*** Begin section ***

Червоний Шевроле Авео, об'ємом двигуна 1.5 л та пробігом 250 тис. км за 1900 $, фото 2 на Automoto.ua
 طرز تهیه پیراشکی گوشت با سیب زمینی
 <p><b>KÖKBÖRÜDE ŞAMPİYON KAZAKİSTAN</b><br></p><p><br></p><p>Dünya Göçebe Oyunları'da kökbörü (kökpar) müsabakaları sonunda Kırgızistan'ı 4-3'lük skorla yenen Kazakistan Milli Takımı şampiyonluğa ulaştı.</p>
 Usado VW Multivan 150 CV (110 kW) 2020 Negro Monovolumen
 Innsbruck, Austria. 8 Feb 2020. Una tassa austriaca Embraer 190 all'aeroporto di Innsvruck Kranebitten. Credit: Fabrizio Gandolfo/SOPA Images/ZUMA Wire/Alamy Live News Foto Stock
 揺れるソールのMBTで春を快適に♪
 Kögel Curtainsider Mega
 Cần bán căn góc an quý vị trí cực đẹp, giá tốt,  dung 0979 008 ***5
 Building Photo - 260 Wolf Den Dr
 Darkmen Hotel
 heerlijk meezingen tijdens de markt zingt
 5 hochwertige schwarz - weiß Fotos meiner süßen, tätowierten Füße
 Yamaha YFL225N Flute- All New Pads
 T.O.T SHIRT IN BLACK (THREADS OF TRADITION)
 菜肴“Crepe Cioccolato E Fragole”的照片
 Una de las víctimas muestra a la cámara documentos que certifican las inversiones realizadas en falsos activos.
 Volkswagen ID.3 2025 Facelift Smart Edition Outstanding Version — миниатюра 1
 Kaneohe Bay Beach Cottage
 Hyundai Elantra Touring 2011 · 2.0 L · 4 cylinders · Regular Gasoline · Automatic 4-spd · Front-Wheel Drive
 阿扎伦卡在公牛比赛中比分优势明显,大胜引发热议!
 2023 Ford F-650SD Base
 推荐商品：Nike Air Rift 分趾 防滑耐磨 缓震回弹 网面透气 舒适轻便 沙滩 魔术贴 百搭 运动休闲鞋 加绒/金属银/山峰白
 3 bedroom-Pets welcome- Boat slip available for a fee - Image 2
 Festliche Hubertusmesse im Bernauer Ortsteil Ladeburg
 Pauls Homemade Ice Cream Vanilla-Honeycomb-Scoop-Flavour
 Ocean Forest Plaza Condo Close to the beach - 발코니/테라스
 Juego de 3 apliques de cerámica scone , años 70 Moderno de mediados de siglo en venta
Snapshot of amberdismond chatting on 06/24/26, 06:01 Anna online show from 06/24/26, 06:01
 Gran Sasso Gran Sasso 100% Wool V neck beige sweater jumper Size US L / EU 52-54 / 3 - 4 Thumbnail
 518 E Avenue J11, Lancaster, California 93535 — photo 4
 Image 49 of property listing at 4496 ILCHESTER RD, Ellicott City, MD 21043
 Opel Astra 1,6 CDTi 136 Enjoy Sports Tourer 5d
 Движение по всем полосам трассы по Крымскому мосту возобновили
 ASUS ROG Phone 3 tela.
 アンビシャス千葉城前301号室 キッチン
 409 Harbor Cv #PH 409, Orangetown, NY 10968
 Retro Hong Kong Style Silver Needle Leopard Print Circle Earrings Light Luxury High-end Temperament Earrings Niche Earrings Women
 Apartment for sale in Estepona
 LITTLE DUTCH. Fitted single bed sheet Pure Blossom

*** End section ***

▶ YOUR INSTRUCTIONS
Beginning with the first line of the entries, repeat each line exactly until you have reproduced the one containing "Kögel Curtainsider Mega", and add nothing further.

▶ SOLUTION FOR THIS PROBLEM
Червоний Шевроле Авео, об'ємом двигуна 1.5 л та пробігом 250 тис. км за 1900 $, фото 2 на Automoto.ua
 طرز تهیه پیراشکی گوشت با سیب زمینی
 <p><b>KÖKBÖRÜDE ŞAMPİYON KAZAKİSTAN</b><br></p><p><br></p><p>Dünya Göçebe Oyunları'da kökbörü (kökpar) müsabakaları sonunda Kırgızistan'ı 4-3'lük skorla yenen Kazakistan Milli Takımı şampiyonluğa ulaştı.</p>
 Usado VW Multivan 150 CV (110 kW) 2020 Negro Monovolumen
 Innsbruck, Austria. 8 Feb 2020. Una tassa austriaca Embraer 190 all'aeroporto di Innsvruck Kranebitten. Credit: Fabrizio Gandolfo/SOPA Images/ZUMA Wire/Alamy Live News Foto Stock
 揺れるソールのMBTで春を快適に♪
 Kögel Curtainsider Mega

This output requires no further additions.